Your goal → Once you reach the line containing "Skiers in Swiss" in the data below, restate each line word for word up to and including the one containing "Beyaz arka planda duran kıdemli Asyalı adam.".

The data →

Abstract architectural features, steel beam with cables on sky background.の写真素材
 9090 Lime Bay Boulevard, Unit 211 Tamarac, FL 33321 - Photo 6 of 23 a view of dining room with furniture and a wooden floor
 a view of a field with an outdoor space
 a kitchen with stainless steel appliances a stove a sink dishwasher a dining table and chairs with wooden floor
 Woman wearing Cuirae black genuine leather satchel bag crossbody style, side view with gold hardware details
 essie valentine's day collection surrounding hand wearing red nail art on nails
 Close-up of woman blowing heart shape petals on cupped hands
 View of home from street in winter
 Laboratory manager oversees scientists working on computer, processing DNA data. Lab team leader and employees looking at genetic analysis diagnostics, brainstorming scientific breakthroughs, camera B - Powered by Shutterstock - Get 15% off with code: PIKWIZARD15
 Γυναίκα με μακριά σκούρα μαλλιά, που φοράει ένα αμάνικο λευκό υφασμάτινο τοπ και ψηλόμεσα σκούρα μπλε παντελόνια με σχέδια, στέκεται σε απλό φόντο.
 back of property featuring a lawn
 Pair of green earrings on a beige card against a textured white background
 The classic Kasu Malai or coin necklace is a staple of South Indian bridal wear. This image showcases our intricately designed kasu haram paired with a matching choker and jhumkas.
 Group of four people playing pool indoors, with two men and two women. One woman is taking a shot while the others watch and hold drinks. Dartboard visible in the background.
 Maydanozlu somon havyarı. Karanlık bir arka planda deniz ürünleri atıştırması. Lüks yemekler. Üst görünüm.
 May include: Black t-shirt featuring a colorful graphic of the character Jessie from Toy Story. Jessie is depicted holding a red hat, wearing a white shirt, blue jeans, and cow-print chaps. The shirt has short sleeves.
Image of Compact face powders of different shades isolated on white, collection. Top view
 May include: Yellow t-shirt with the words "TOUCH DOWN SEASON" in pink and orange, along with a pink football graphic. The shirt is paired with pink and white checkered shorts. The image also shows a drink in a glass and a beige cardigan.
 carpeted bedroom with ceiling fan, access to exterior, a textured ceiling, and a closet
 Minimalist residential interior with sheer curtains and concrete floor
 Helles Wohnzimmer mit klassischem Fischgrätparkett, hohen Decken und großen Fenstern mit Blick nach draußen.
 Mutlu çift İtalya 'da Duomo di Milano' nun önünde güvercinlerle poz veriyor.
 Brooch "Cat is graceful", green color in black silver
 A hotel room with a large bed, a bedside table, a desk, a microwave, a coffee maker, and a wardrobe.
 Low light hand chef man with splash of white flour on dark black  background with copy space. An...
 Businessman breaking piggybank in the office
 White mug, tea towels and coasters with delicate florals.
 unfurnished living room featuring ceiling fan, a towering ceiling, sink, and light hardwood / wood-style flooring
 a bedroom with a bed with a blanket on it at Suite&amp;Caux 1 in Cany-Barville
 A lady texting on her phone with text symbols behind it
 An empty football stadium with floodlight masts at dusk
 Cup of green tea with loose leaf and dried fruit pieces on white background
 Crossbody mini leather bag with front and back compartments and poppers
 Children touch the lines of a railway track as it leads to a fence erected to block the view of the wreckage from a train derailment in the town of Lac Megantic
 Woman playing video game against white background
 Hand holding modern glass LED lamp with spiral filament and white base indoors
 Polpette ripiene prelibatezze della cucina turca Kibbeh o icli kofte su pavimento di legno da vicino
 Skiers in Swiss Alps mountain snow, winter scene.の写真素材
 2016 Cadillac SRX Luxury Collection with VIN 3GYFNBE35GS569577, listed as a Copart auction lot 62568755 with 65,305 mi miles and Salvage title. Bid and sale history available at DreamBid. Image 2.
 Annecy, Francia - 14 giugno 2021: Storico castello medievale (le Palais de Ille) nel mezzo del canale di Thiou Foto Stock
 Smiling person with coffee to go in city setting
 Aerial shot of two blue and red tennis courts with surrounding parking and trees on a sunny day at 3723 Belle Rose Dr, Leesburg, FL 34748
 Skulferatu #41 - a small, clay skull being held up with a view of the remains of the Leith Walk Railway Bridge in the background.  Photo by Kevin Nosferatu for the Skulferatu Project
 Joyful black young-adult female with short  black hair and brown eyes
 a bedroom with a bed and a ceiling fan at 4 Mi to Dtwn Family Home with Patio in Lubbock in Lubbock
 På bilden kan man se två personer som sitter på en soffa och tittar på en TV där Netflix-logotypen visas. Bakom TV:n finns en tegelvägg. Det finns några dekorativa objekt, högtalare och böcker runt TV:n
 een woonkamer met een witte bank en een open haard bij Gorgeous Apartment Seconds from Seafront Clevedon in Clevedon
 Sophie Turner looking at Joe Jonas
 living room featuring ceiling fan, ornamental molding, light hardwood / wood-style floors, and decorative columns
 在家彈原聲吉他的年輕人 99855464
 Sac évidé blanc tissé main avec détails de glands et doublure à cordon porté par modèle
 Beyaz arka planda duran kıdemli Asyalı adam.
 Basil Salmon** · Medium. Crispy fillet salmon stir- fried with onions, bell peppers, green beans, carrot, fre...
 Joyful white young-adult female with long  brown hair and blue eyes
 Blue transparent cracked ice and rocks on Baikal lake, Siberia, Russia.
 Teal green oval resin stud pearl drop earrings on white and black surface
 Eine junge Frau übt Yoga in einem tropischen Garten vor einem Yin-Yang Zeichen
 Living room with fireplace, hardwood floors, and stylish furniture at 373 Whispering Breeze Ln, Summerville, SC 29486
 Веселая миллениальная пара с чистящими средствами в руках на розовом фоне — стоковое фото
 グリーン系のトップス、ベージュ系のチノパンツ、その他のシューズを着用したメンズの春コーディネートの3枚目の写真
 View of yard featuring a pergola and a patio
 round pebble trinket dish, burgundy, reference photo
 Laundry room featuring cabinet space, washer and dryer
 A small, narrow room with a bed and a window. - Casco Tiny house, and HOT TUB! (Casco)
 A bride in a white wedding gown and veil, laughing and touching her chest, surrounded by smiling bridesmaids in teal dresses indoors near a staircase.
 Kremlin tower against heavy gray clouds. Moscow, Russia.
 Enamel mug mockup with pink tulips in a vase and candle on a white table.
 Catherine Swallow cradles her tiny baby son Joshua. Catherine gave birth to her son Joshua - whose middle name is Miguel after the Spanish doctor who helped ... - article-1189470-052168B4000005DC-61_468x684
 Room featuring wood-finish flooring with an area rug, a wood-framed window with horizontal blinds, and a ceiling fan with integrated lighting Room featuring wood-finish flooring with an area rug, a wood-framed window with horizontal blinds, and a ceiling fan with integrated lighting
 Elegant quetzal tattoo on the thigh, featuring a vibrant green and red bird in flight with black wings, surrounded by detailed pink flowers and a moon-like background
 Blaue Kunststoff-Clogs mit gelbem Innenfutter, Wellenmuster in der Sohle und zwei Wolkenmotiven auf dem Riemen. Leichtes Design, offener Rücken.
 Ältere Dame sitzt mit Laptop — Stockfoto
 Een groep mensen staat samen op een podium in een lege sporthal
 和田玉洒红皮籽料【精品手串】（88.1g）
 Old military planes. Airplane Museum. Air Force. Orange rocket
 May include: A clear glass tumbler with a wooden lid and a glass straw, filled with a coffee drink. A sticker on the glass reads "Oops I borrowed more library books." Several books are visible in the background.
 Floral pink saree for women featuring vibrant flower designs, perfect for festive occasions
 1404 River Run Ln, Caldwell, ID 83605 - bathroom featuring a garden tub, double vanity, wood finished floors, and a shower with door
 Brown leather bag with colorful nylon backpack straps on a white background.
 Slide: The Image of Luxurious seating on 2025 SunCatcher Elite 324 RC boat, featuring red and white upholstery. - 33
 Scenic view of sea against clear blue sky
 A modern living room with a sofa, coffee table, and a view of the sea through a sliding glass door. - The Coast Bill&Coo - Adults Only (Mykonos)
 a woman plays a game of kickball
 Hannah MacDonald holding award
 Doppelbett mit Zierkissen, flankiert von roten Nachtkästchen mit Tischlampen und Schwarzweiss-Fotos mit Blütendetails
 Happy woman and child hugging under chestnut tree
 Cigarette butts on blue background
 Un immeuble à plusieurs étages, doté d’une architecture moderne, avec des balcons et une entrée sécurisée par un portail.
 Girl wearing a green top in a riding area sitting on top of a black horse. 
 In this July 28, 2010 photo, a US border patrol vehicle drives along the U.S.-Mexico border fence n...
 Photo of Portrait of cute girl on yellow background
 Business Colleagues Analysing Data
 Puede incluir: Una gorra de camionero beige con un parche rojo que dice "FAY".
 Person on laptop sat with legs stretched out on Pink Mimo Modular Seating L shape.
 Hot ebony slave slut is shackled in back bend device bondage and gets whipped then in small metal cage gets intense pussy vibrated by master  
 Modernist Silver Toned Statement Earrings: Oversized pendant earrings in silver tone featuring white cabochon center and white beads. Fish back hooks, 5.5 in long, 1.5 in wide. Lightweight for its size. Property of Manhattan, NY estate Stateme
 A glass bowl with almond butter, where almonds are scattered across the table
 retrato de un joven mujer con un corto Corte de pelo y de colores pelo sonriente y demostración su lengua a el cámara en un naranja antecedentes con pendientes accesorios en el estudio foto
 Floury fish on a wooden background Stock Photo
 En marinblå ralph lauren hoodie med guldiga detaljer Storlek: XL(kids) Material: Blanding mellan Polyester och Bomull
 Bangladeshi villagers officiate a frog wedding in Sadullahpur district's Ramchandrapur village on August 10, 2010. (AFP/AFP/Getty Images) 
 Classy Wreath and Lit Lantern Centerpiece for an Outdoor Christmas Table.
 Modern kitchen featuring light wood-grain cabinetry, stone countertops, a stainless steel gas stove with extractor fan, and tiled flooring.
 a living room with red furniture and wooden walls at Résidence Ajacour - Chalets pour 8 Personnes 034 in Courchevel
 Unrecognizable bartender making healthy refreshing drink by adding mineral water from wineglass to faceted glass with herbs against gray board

Response →
 Skiers in Swiss Alps mountain snow, winter scene.の写真素材
 2016 Cadillac SRX Luxury Collection with VIN 3GYFNBE35GS569577, listed as a Copart auction lot 62568755 with 65,305 mi miles and Salvage title. Bid and sale history available at DreamBid. Image 2.
 Annecy, Francia - 14 giugno 2021: Storico castello medievale (le Palais de Ille) nel mezzo del canale di Thiou Foto Stock
 Smiling person with coffee to go in city setting
 Aerial shot of two blue and red tennis courts with surrounding parking and trees on a sunny day at 3723 Belle Rose Dr, Leesburg, FL 34748
 Skulferatu #41 - a small, clay skull being held up with a view of the remains of the Leith Walk Railway Bridge in the background.  Photo by Kevin Nosferatu for the Skulferatu Project
 Joyful black young-adult female with short  black hair and brown eyes
 a bedroom with a bed and a ceiling fan at 4 Mi to Dtwn Family Home with Patio in Lubbock in Lubbock
 På bilden kan man se två personer som sitter på en soffa och tittar på en TV där Netflix-logotypen visas. Bakom TV:n finns en tegelvägg. Det finns några dekorativa objekt, högtalare och böcker runt TV:n
 een woonkamer met een witte bank en een open haard bij Gorgeous Apartment Seconds from Seafront Clevedon in Clevedon
 Sophie Turner looking at Joe Jonas
 living room featuring ceiling fan, ornamental molding, light hardwood / wood-style floors, and decorative columns
 在家彈原聲吉他的年輕人 99855464
 Sac évidé blanc tissé main avec détails de glands et doublure à cordon porté par modèle
 Beyaz arka planda duran kıdemli Asyalı adam.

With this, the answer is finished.